Digitalisierung als Chance für die Region

Ob autonomes Fahren, Smart Home, Robotik oder Bildungspolitik: Die Digitalisierung betrifft fast alle Lebensbereiche. Deshalb hat die Vereinigung der Volksbanken und Raiffeisenbanken im Bezirk Ravensburg-Bodensee-Sigmaringen jetzt die Auseinandersetzung mit diesem Thema vorangetrieben. Eine Expertenrunde aus Forschung, Industrie und Handwerk beleuchtete im Gespräch mit Baden-Württembergs Wirtschaftsministerin Dr. Nicole Hoffmeister-Kraut das Thema „Digitalisierung als Chance für die regionale Wirtschaft“.
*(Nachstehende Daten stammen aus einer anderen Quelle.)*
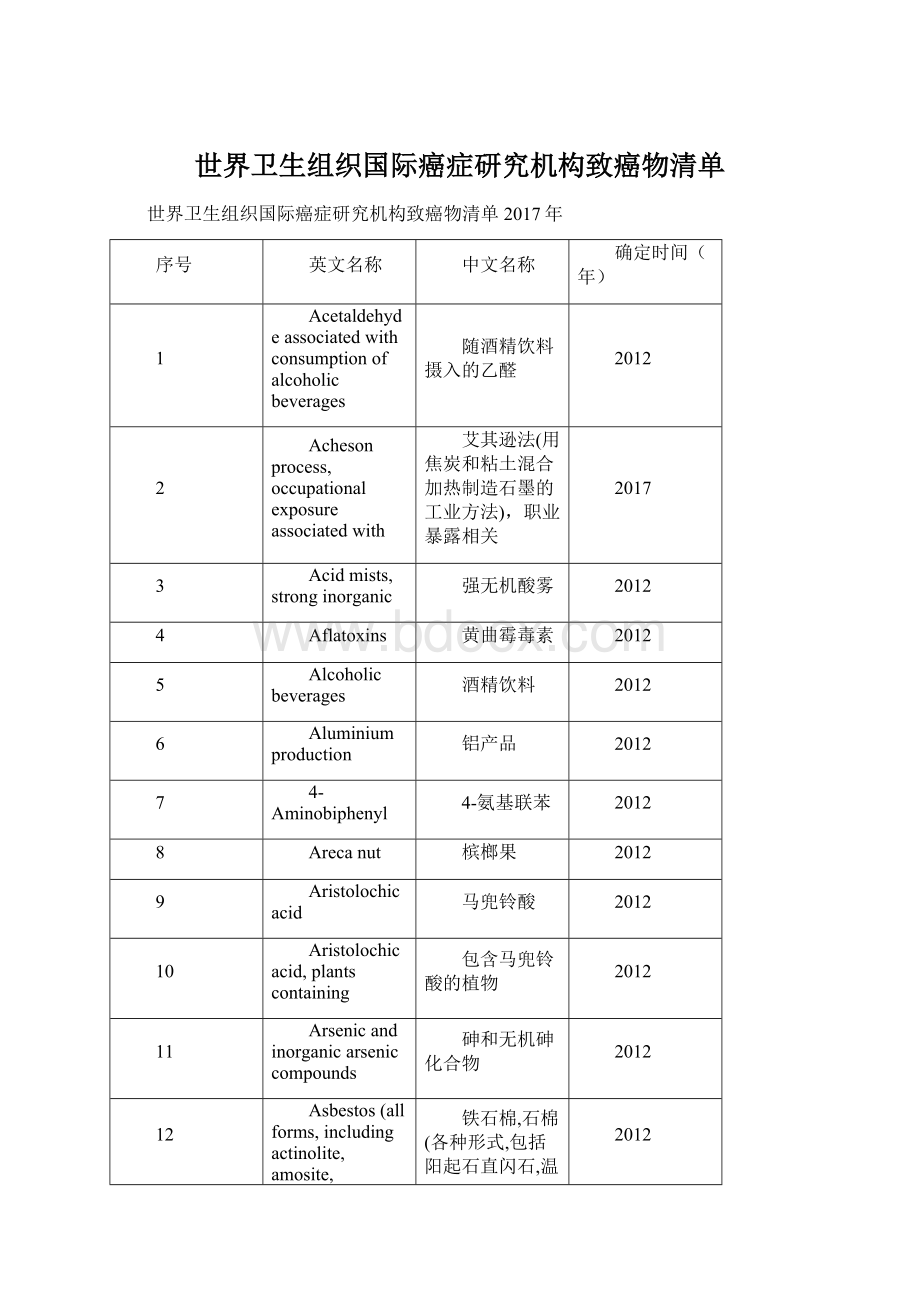 世界卫生组织国际癌症研究机构致癌物清单.docx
KISSLEGG - Bewusst sei für dieses Diskussionsforum ein zukunftsgerichteter Titel mit Betonung der Chancen gewählt worden, erklärte Franz Schmid, Vorstandsvorsitzender der hiesigen Bezirksvereinigung der Volks- und Raiffeisenbanken. Wirtschaftsministerin Hoffmeister-Kraut sah in den Chancen der Digitalisierung zugleich eine Aufgabe: „Wir müssen die Möglichkeiten optimal nutzen, denn sonst werden wir im internationalen Wettbewerb langfristig nicht erfolgreich sein können“, sagte sie vor rund 100 Geschäftspartnern der Volks- und Raiffeisenbanken im Neuen Schloss Kißlegg. Sie verwies darauf, dass Bund und Länder derzeit Milliardenbeträge für die Digitalisierung geben – für den Ausbau der Infrastruktur ebenso wie für digitale Lehrmittel wie Tablets an Schulen. 
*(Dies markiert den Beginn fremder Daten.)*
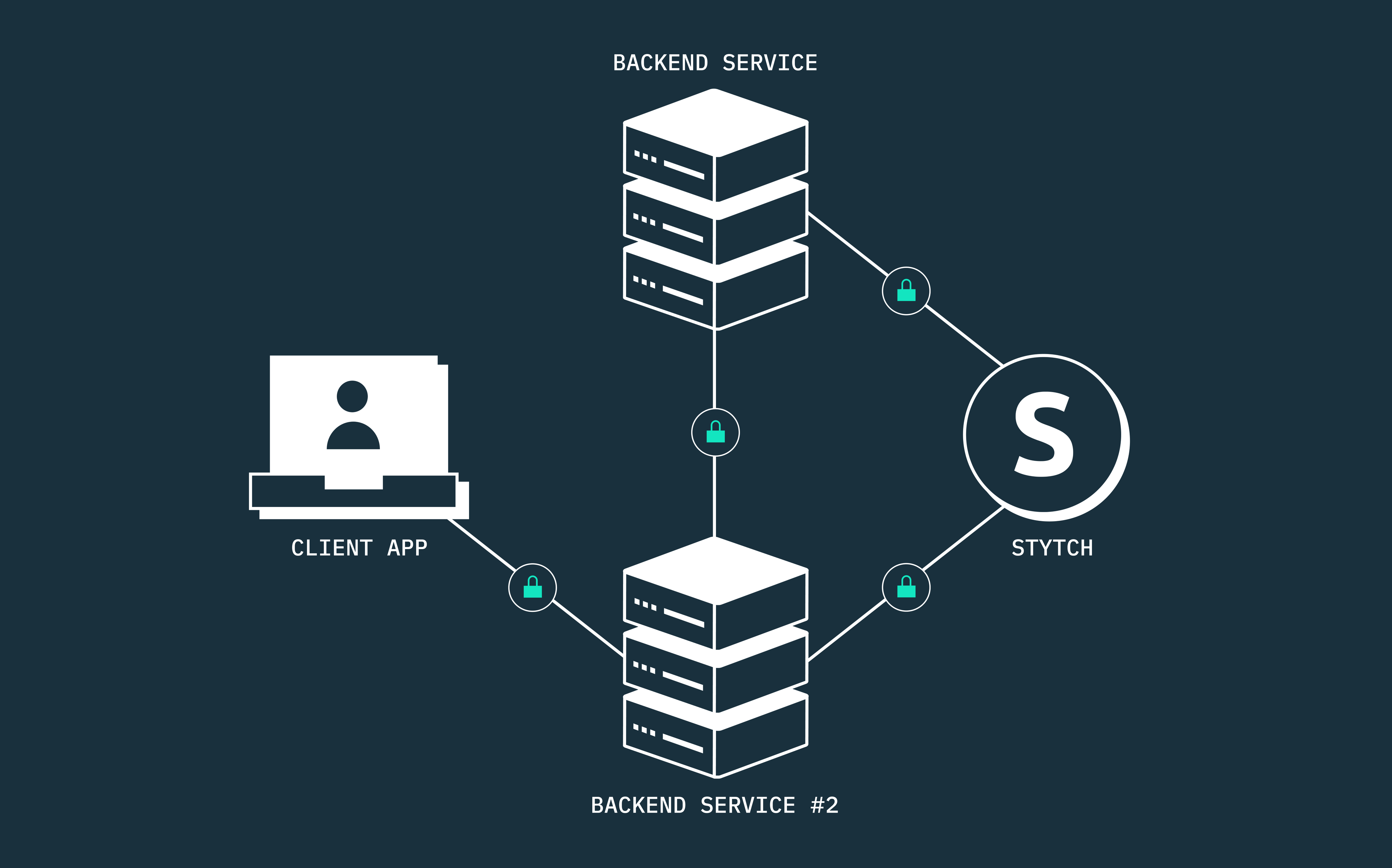 The complete guide to machine-to-machine (M2M) authentication and authorization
Die Künstliche Intelligenz (KI) bezeichnete sie „eine Basis-Technologie der Zukunft“. „Wir haben nicht nur die Kompetenz, sondern auch die Anwender in Baden-Württemberg“, sagte Hoffmeister-Kraut. Deutschland sei führend in der KI-Forschung, allerdings gehe dies nicht in marktfähige Produkte über. „Da müssen wir effizienter werden“, forderte sie. Auch in datenbasierten Geschäftsmodellen erkannte sie neue Wege der Wertschöpfung. Kurzum: „Es muss unser Anspruch sein, auf der Basis unseres Wertesystems die digitalen Transformationsprozesse zu gestalten“, forderte sie im Laufe der lebendigen Diskussion, in die sich auch die Zuhörer einbringen konnten. Sie forderten unter anderem mehr Engagement beim Ausbau der Breitband-Infrastruktur. Daran werde mit Hochdruck gearbeitet, betonte Hoffmeister-Kraut. 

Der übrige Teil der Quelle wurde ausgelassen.